According to CMPS’s observations, as early as April last year, the media reported that the Ministry of Health and Welfare and a domestic manufacturer TCI Gene jointly launched Taiwan's first and world's second fully automated testing device for SARS-CoV-2, which causes COVID-19, the QVS-96 Virus Scanner. Priced at USD 700,000, it can operate around the clock and conduct 900 tests per day with an accuracy of 99.9 percent. What’s more, the scanner has already been validated by Taiwan Center for Disease Control (CDC) and is currently in use at CDC’s Kunyang Laboratory and Landseed International Hospital in Taoyuan.
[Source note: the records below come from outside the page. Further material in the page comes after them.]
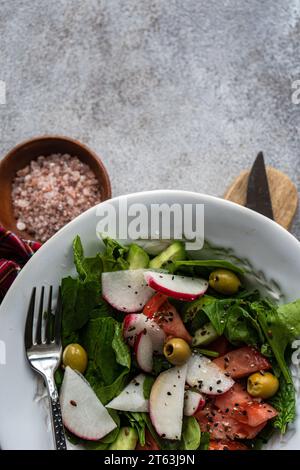 Insalata di verdure con foglie di spinaci biologici freschi, pomodori a fette, aromi e olive presentate in una ciotola bianca accanto a un panno a quadri di legno Foto Stock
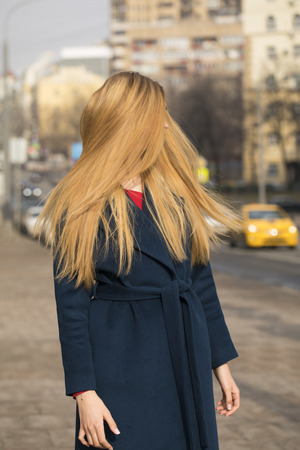 Portrait of a young beautiful blonde woman in blue coat on a background of spring streeteetの写真素材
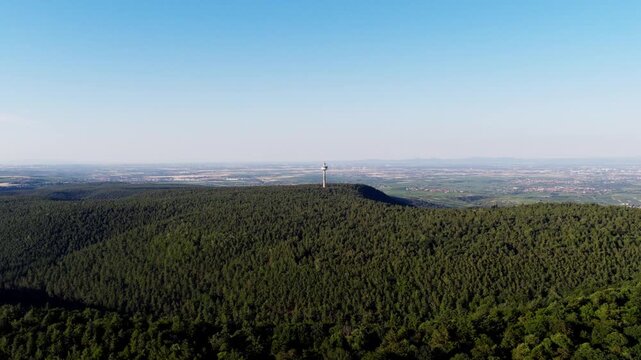 Aerial View of a Forested Hill with Communication Tower Against a Blue Sky and Distant Horizon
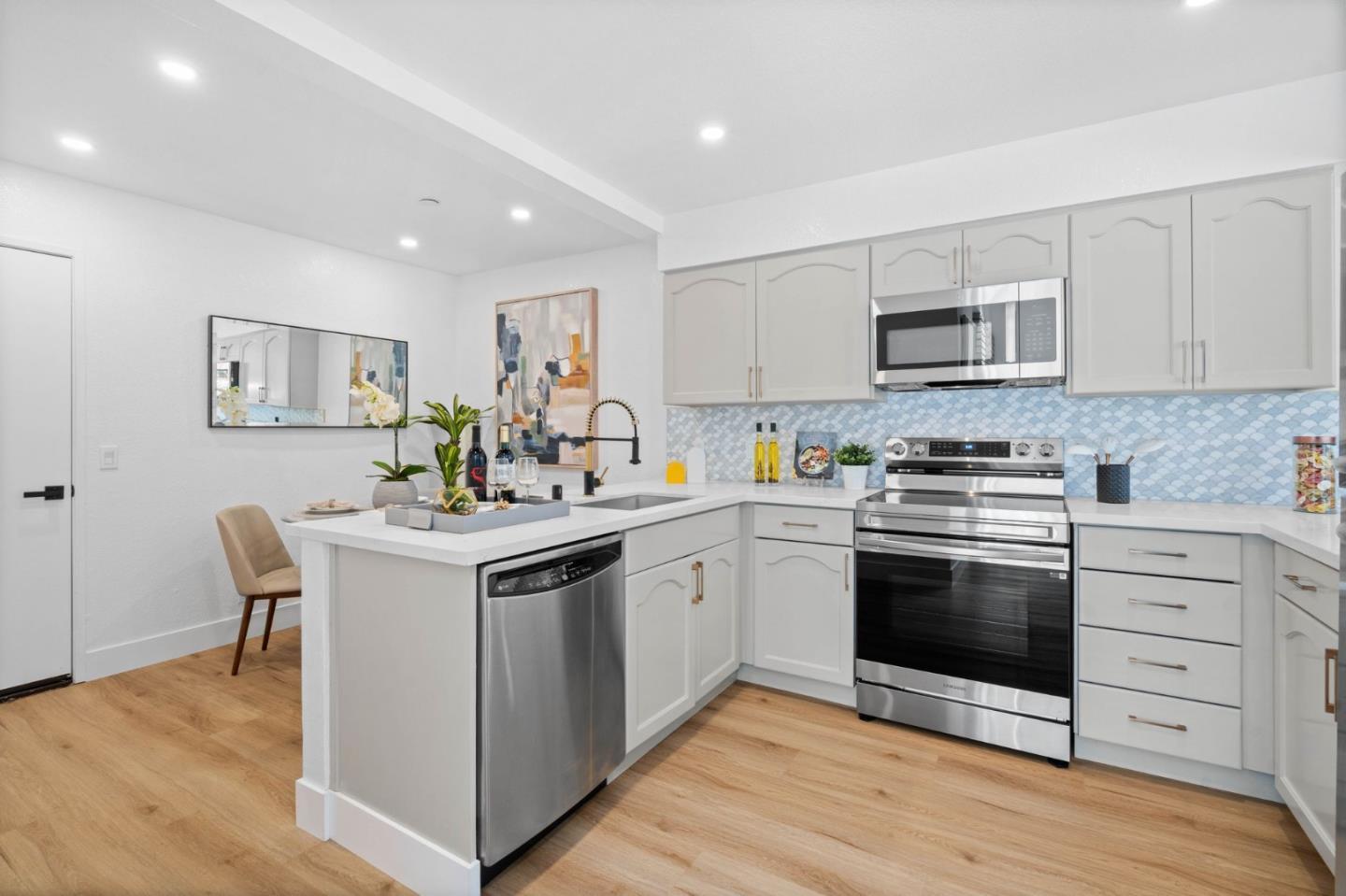 603 Sharp Park Road Pacifica, CA 94044 - Photo 10 of 27 a kitchen with stainless steel appliances granite countertop a sink stove and cabinets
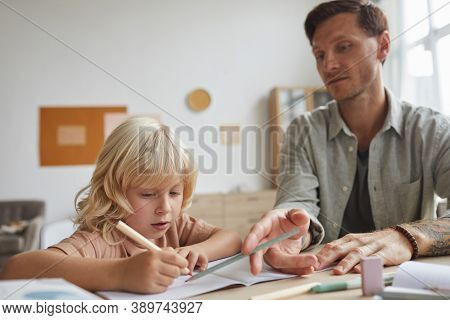 Teacher Sitting At The Table With His Pupil And Explaining Hime The New Topic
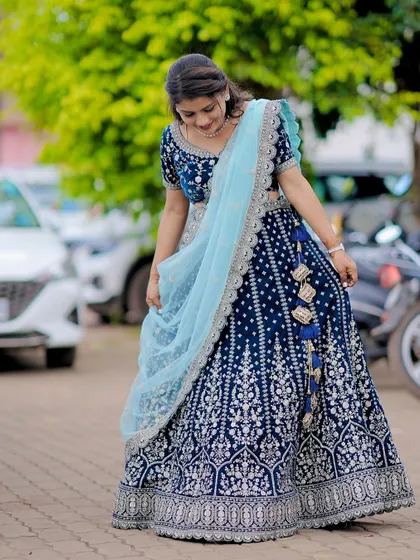 A candid moment showing the beautiful drape and flow of the custom navy blue lehenga.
Satisfactory performance would see the scanner installed elsewhere, depending on the COVID-19 situation, and would improve testing efficiency during the flu season.
In addition, in December last year, the Institute of Preventive Medicine of National Defense Medical Center, cooperated with LabTurbo Biotech to develop the LabTurbo AIO48 – a testing device capable of conducting 1,000 tests per day. This proves the R&D strength and capacity of Taiwan’s biotech industry. In May this year, with the epidemic on the rise in Taiwan, TCI Gene announced that it would suspend the planned export of two QVS-96s virus scanners, with a daily testing capacity of 1,900 tests, and that the company had joined the frontline of epidemic prevention in Taiwan.
Te-Yen Liu compared the data on the screening capacity of Taiwan. As of March 11 last year, there were 34 testing and medical treatment facilities in Taiwan that could conduct 3,200 tests per day. On May 15 this year, there were 126 such facilities that could conduct a total of 16,000 tests per day. “The ratios show that the increase in testing capacity has mainly been achieved by increasing the number of testing facilities and hardly any forward deployment measures were adopted by the government to boost the testing capacity,” said Te-Yen Liu.
In view of the fact that Taiwan already possessed sophisticated fully automated screening equipment certified by the European Union and the US, CMPS calls upon the Government to immediately allocate NT$200 million from the NT$630 billion COVID-19 relief fund to purchase 10 automated virus scanners to boost Taiwan’s daily testing capacity to 19,000 tests – a number that surpasses the present daily screening capacity of all testing facilities in total. This would provide real relief for disease prevention personnel who work hard day and night on virus screening and contact tracing, and would sustain the healthcare resources to patients in need and help local governments accelerate testing rates in their large-scale screening and put citizens’ minds at rest.